Posted: Sep 13 2022 4:12 am
by SpiderLegs
[ The Arizona Mountains Gazetteer ]
This book is an nice addition to your reference shelf. Scott Surgent just published this over the summer and it is essentially an encyclopedia of every peak in Arizona worth climbing. It comes in at 522 pages and provides a thumbnail sketch of each summit. Got my copy over the weekend and have been pouring over it since. Has lists of peaks by prominence, range high points, county high points, peaks over 10,000 & 9,000, etc...
If you like hitting Arizona's peaks, you need this book.
Re: "The Arizona Mountains Gazetteer"
Posted: Sep 13 2022 10:59 am
by FOTG
@SpiderLegs
it is essentially an encyclopedia of every peak in Arizona worth climbing.
So there is a robust chapter on the Canyon I presume?
Re: "The Arizona Mountains Gazetteer"
Posted: Sep 13 2022 11:36 am
by chumley
anybody too lazy to read for themselves wrote:Within its borders are nearly 200 named mountain ranges, over a hundred more hill-ranges, many hundreds of volcanic mounds, and many more hundreds of eroded mountain-like formations within the Grand Canyon and other great canyons and at the periphery of the giant plateaus.
Re: "The Arizona Mountains Gazetteer"
Posted: Sep 13 2022 11:42 am
by FOTG
@chumley
I've always wondered if the being an pumpkin thing comes naturally or if you have to work at it? The classic nature vs. nurture dilemma I suppose?

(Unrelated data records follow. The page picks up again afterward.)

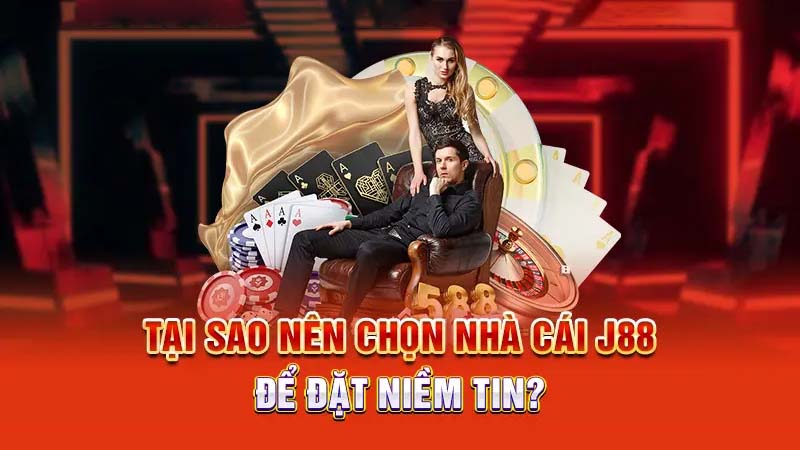 Lý do bạn nên lựa chọn nhà cái J88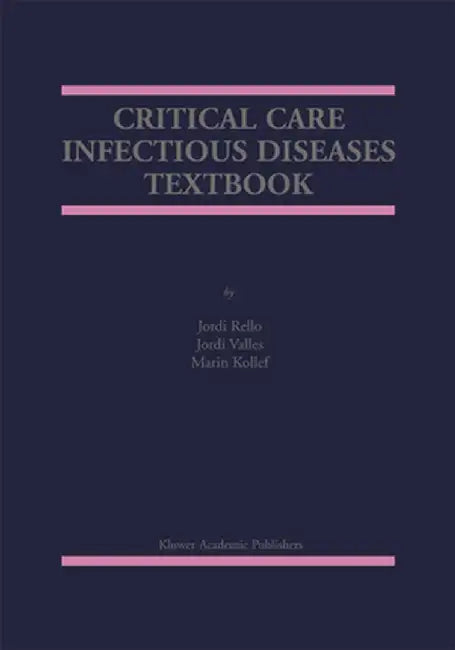 Critical Care Infectious Diseases Textbook by Jordi Rello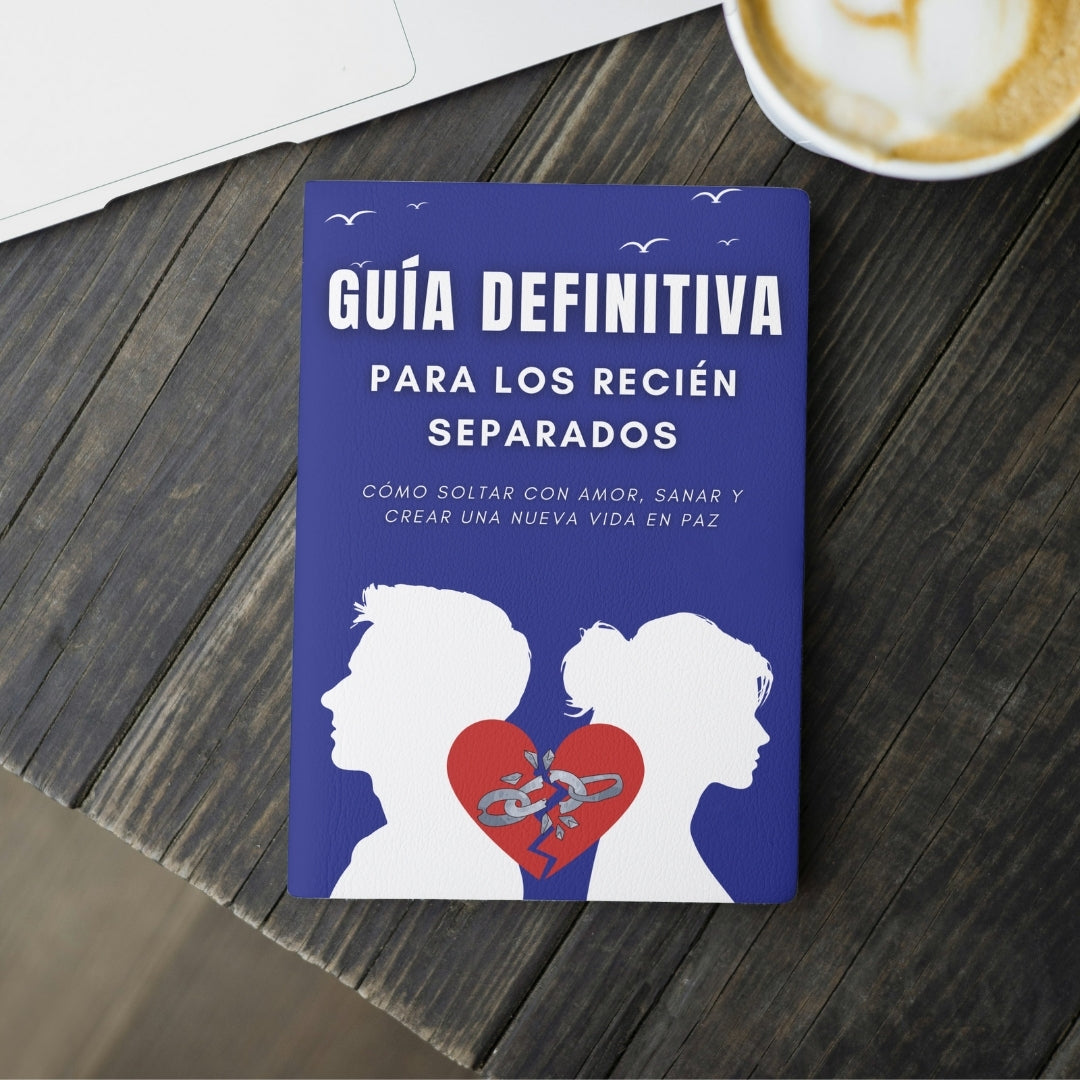 Guía Definitiva para los Recién Separados (+9 Bonos Exclusivos)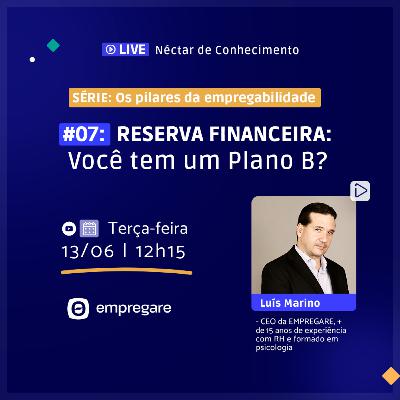 Reserva Financeira: Você tem um Plano B? - Série "Pilares da Empregabilidade" #07 Reserva Financeira: Você tem um Plano B? - Série "Pilares da Empregabilidade" #07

Re: "The Arizona Mountains Gazetteer"
Posted: Sep 13 2022 3:35 pm
by AugustWest
The authors facial hair is worthy of a Pulitzer Prize
Re: "The Arizona Mountains Gazetteer"
Posted: Sep 14 2022 4:26 am
by SpiderLegs
FOTG wrote:So there is a robust chapter on the Canyon I presume?
The book is written like an encyclopedia or a dictionary, everything is in alphabetical order. Let me poke around in it a bit more. Do remember seeing a few GC peaks when I thumbed through there.
Re: "The Arizona Mountains Gazetteer"
Posted: Sep 14 2022 8:25 am
by SpiderLegs
@FOTG - I did a quick two minute perusal of the book and easily found The Battleship, Cheops, Isis, Cardenas and O'Neil.
The author's cut-off is everything in the book has to have at least 300 of vertical prominence. Each peak has at best a paragraph or two about it's location, history, etc... It is not a hiking guide, simply a reference manual about where the peak is, who manages it, the AEG and the like.